Category Archives: Wayfinding

Between a rock and a hard place

Danger! Beware of the Rocks!  One of the most obvious rules of boating.  Especially the rocks near the shore, barely visible above the water or just beneath the surface—unseen until you are right up on the them.  But there are times when, despite your best navigational efforts, a sudden fierce gust of wind hits your small vessel and sends it smashing into those very rocks.  A crack in the side of your boat, or worse yet, a bent propeller that leaves you stranded.  

We have been blown up onto the rocks by this pandemic.  They have not only broken our society wide open, we find ourselves hopelessly grounded.  It’s easy to let the fear drown us, despite all our efforts to bale ourselves out.  This is not time to focus on whether or not someone should have seen this coming, should have been paying better attention. We are stuck in this crisis.  The water is rushing in faster than we can bale.

What to do?  This morning I read a really thoughtful response by one of my favorite photographers, David duChemin.  He began with a quote from JFK:  “When written in Chinese the word crisis is composed of two characters.  One represents danger, and the other represents opportunity.”  This made me really stop and think.  Perhaps if we quit mudding the waters with our frantic baling and arguing over who is responsible for this mess we find ourselves in and pause long enough for the water to settle and clear—if we settle ourselves into the quiet and let go of our fear—stop scrolling the newsfeed, and listening to every pundit trying to figure out how to get us back to the way things were, we might be able to see, between the hard, dark rocks that iridescent glimmer of light—the opportunities that this crisis opens up for us individually and as a society. 

The greatest lesson I have learned in my studies of Buddhism is detachment.  Practicing it during past personal crises has helped me to calm the roiling waters of my mind and see with clarity the light of opportunity shining between the rock and the hard place.

So I’m going to stop my frantic attempts to bale—stop the fretting and worrying over all the things I have no control over anyway and step out of the boat.  I’m going to wade ashore and sit quietly, looking out at the lake.  Figure out where I am and where I really want to be.   No longer to go with the flow or to try to get back in the current that has so often swept me away, but to calm my mind, detach, be still long enough that I can see the light playing between the rocks. 

DuChemin finishes by saying: “More than any of the things above, this is an opportunity to give more and to be more: more attentive, more creative, more generous, more wide awake. It’s an opportunity to rise to the daily challenge of the new normal, and to fight to make that normal better and kinder for all. . .We might be in this for a while and I don’t want to look back once we emerge from it and wonder why I wasted weeks or months of time and focus I’ve never had before.”

Wayfinding

When I was a child, hiking with my parents, we would stop every once in awhile and sit on a rock or downed log at the side of the trail.  My father would ask me where in the world I thought I was.   Unfolding the bulky topographic map and looking to the hillsides, I tried to match their slopes to the squiggly brown waves of lines on the map.

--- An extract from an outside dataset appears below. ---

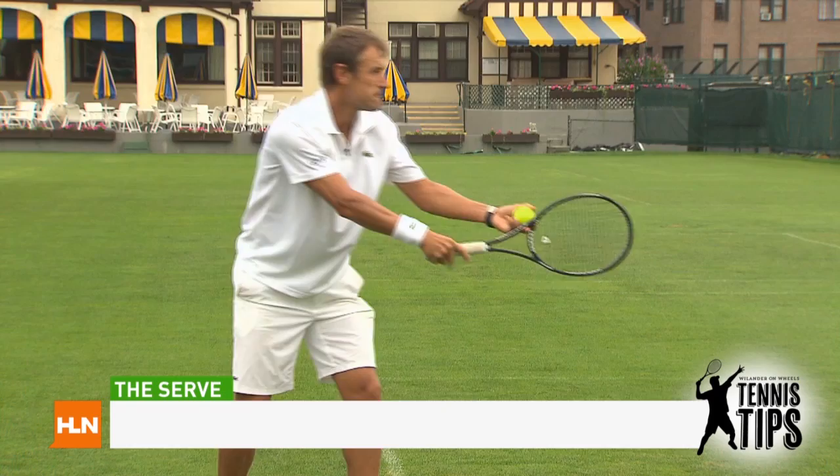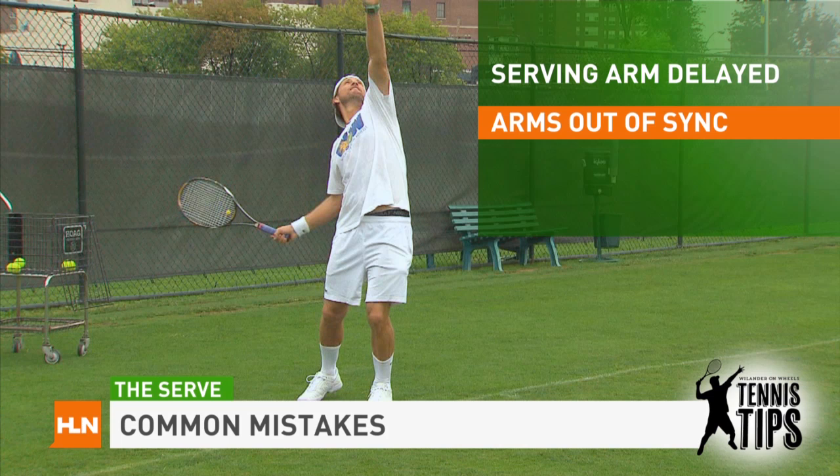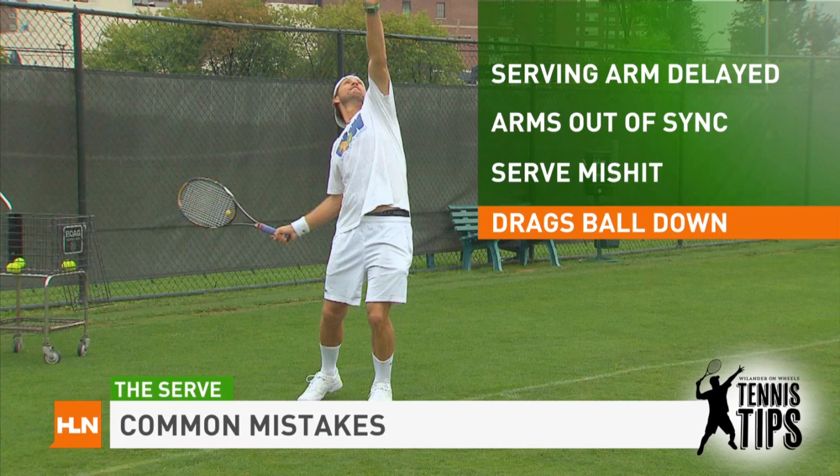The most common mistake I see club level players make in the serve is they don't bring both arms up at the same time. They delay the serving arm and keep it down while the toss arm goes up, and it's not in sync. The result is you often mis-hit it and drag the ball down into the net.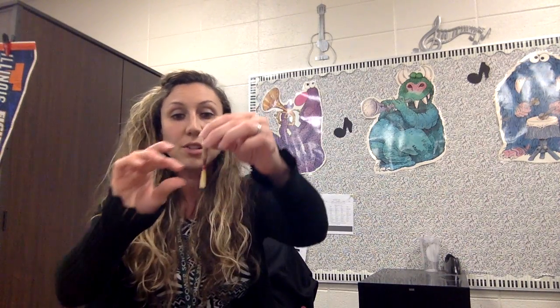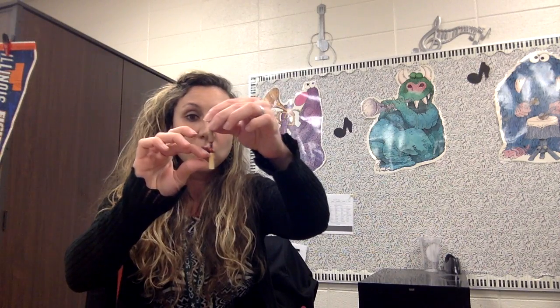You want to soak it for about a minute, then it will be ready to play. You also want to make sure that you are not putting your whole reed in water — it's just gonna be just this part right here. If you have a medicine bottle at home, that is a great thing to use to soak your reed.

I thought about that on our recent hike to Cliff Lake.  I had borrowed my husband’s GPS and used it to mark waypoints and plot out our route.  I knew exactly where I was at every step–at least within a few dozen feet.  Aided by 7 satellites, my progress was recorded on the little screen that told me my direction, my altitude, the distance to the lake, the distance we had come and what my hiking pace was.  It even told me how long it would be until the sun set.  The one thing it didn’t inform me of was the giant mud puddle in the trail, which I walked right into, my eyes affixed to the little screen.

That managed to break the GPS’ spell.  I thought back to those pre-GPS times when you had to look around you instead.  Gene shared the trick of using your analog watch (yes, we old timers still wear watches with hands) to tell where south is.  Holding up your wrist and aligning the small hand with the sun, you could find south halfway between the hour hand and the minute hand.  A map could give us good idea of altitude, but knowing that we were walking through a forest of  subalpine fir gives us a rough approximation and finding treeline on the hillsides around the lake told us we were nearly 6,000 feet high.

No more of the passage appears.